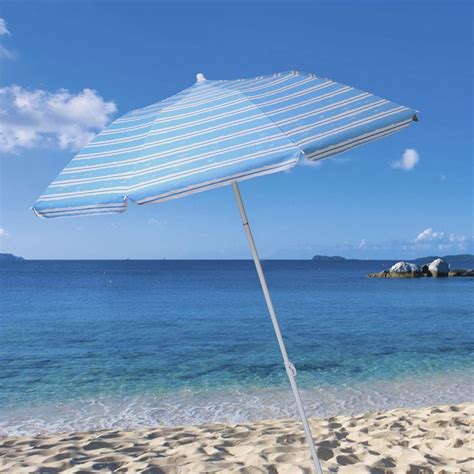 Ammsun 65ft Twice Folded Portable Beach Umbrella With Sand Anchor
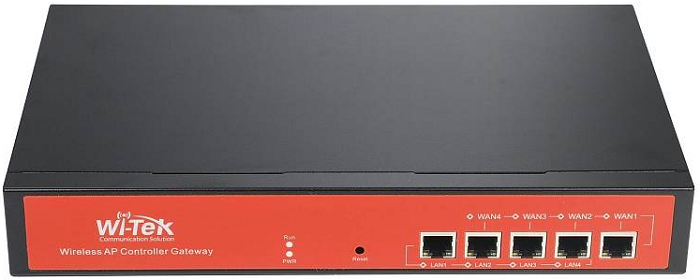Контроллер Wi-Tek WI-AC150 централизованное управление 150 точками доступа, 5 портов 1000Base-T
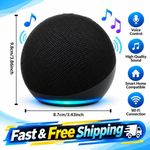 Latest Gen WiFi Bluetooth Smart Speaker Voice Control Vibrant Sound Charcoal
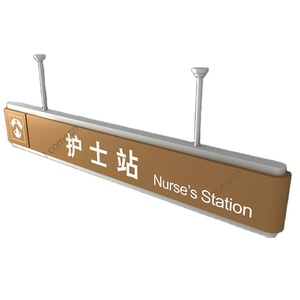 Suspending LED advertising light box nurse station hospital sign/hospital sign board design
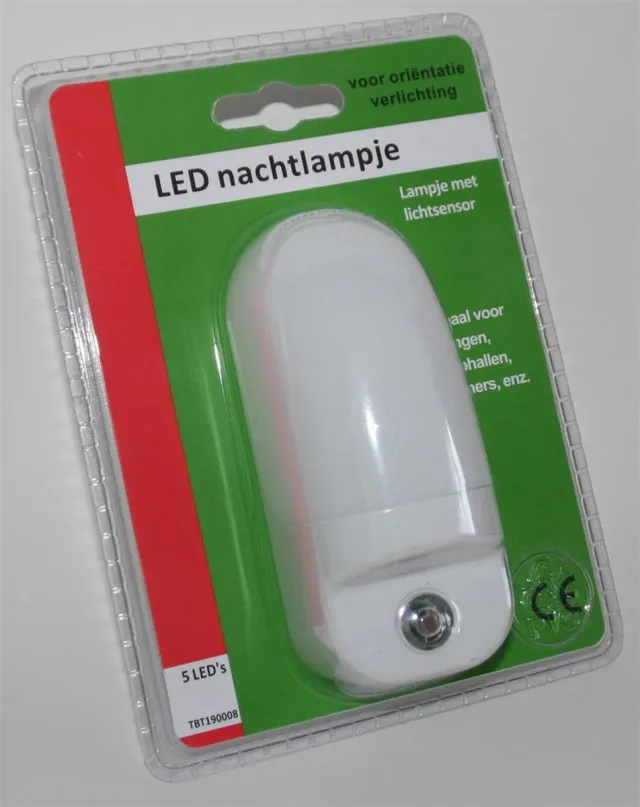maison de france LED nachtlampje met lichtsensor wit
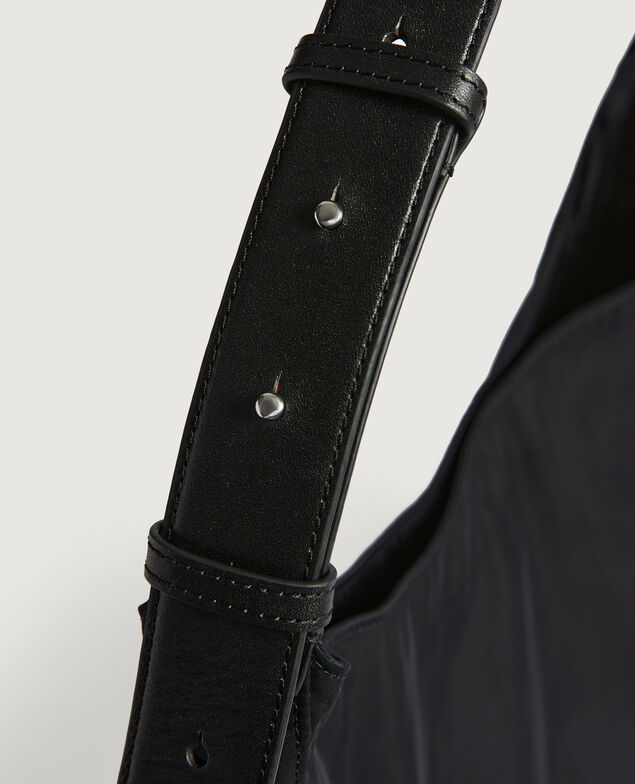 Große Tasche aus Nylon H091 black beauty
★ ★ ★ ★
## TASK DETAILS:
Each record above should be copied character for character, with pictures dropped.

## TASK OUTPUT:
 Ammsun 65ft Twice Folded Portable Beach Umbrella With Sand Anchor
Контроллер Wi-Tek WI-AC150 централизованное управление 150 точками доступа, 5 портов 1000Base-T
 Latest Gen WiFi Bluetooth Smart Speaker Voice Control Vibrant Sound Charcoal
 Suspending LED advertising light box nurse station hospital sign/hospital sign board design
maison de france LED nachtlampje met lichtsensor wit
 Große Tasche aus Nylon H091 black beauty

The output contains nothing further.